An exact copy of all the data is needed, with every picture left out.

__The data__.
::::::

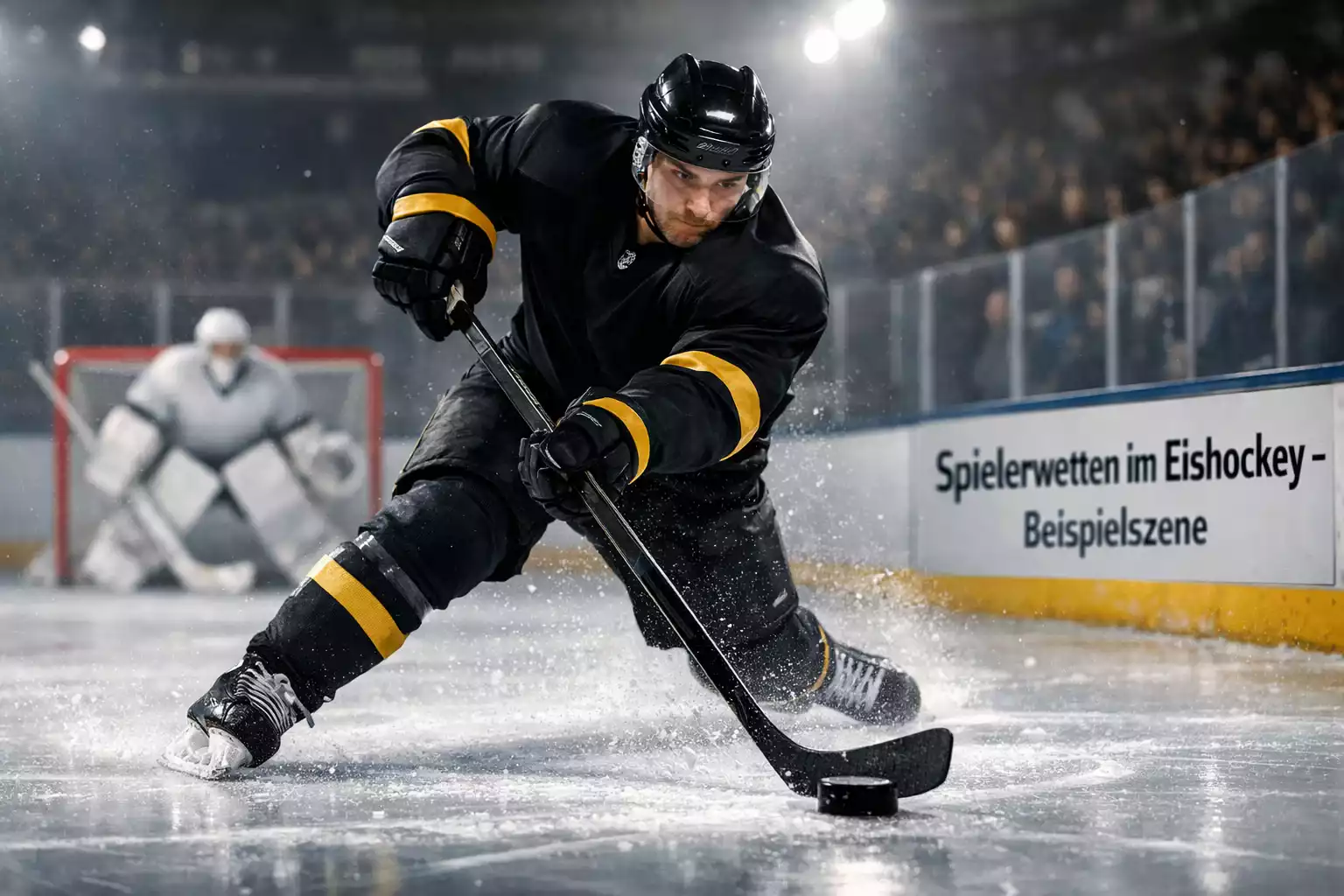 NHL-Stürmer mit Puck im Angriff kurz vor dem Torschuss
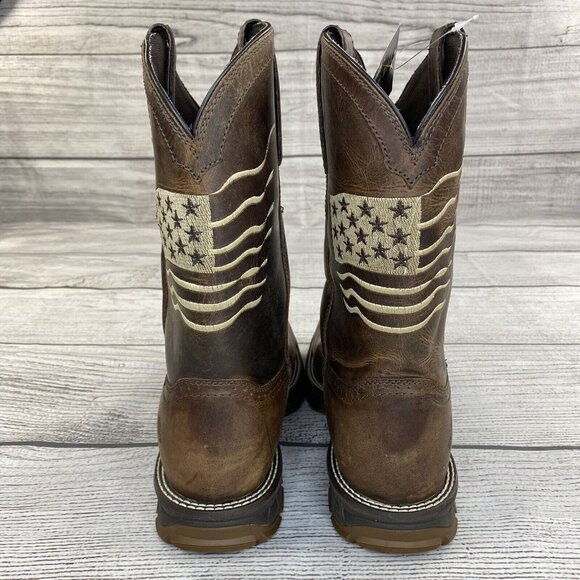 Trump Flag Embroidered Oil / Slip Resistant Cowboy Work Boots Men Size 10.5 EE - Picture 4 of 16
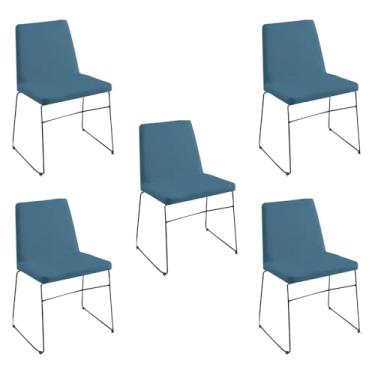 Imagem de Kit 5 Cadeiras Decorativa Sala de Jantar Anne Linho Azul G17 - Gran Belo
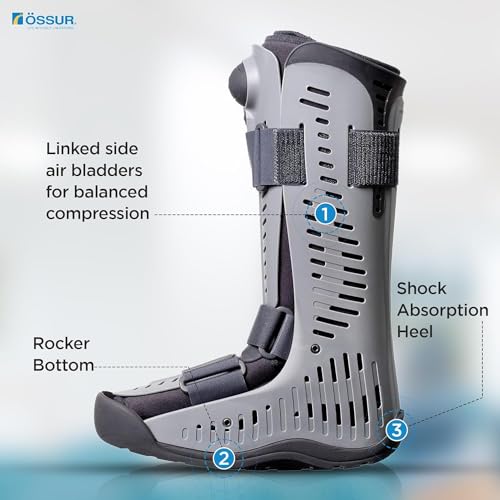 Ossur Rebound Air Walker Boot | Comfortable Walking Boot with Compression Straps & Air Pump Rocker Bottom | Walking Boot for Broken Foot, Walking Boot for Sprained Ankle (Low Top, Medium) - Image 3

::::::

__Exercise response__.
 NHL-Stürmer mit Puck im Angriff kurz vor dem Torschuss
 Trump Flag Embroidered Oil / Slip Resistant Cowboy Work Boots Men Size 10.5 EE - Picture 4 of 16
 Imagem de Kit 5 Cadeiras Decorativa Sala de Jantar Anne Linho Azul G17 - Gran Belo
 Ossur Rebound Air Walker Boot | Comfortable Walking Boot with Compression Straps & Air Pump Rocker Bottom | Walking Boot for Broken Foot, Walking Boot for Sprained Ankle (Low Top, Medium) - Image 3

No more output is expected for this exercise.